WORK ORDER: Each entry that follows must be output without any deviation.

Excerpts from a dataset:
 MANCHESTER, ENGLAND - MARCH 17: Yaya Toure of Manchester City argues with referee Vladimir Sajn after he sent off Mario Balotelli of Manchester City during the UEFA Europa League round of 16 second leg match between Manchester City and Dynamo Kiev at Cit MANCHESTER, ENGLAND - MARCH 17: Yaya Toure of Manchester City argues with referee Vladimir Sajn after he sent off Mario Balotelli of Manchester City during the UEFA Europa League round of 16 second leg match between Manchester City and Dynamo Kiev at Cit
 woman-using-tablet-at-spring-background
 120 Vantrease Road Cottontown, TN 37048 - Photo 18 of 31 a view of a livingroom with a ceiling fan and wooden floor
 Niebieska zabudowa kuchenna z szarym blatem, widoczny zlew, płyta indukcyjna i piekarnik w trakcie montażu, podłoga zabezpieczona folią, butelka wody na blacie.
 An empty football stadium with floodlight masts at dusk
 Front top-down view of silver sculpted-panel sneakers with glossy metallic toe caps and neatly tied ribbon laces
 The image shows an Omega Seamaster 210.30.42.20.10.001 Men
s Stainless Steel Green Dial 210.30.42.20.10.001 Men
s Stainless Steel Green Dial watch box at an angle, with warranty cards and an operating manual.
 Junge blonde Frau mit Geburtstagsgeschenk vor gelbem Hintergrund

TASK SOLUTION:
 MANCHESTER, ENGLAND - MARCH 17: Yaya Toure of Manchester City argues with referee Vladimir Sajn after he sent off Mario Balotelli of Manchester City during the UEFA Europa League round of 16 second leg match between Manchester City and Dynamo Kiev at Cit MANCHESTER, ENGLAND - MARCH 17: Yaya Toure of Manchester City argues with referee Vladimir Sajn after he sent off Mario Balotelli of Manchester City during the UEFA Europa League round of 16 second leg match between Manchester City and Dynamo Kiev at Cit
 woman-using-tablet-at-spring-background
 120 Vantrease Road Cottontown, TN 37048 - Photo 18 of 31 a view of a livingroom with a ceiling fan and wooden floor
 Niebieska zabudowa kuchenna z szarym blatem, widoczny zlew, płyta indukcyjna i piekarnik w trakcie montażu, podłoga zabezpieczona folią, butelka wody na blacie.
 An empty football stadium with floodlight masts at dusk
 Front top-down view of silver sculpted-panel sneakers with glossy metallic toe caps and neatly tied ribbon laces
 The image shows an Omega Seamaster 210.30.42.20.10.001 Men
s Stainless Steel Green Dial 210.30.42.20.10.001 Men
s Stainless Steel Green Dial watch box at an angle, with warranty cards and an operating manual.
 Junge blonde Frau mit Geburtstagsgeschenk vor gelbem Hintergrund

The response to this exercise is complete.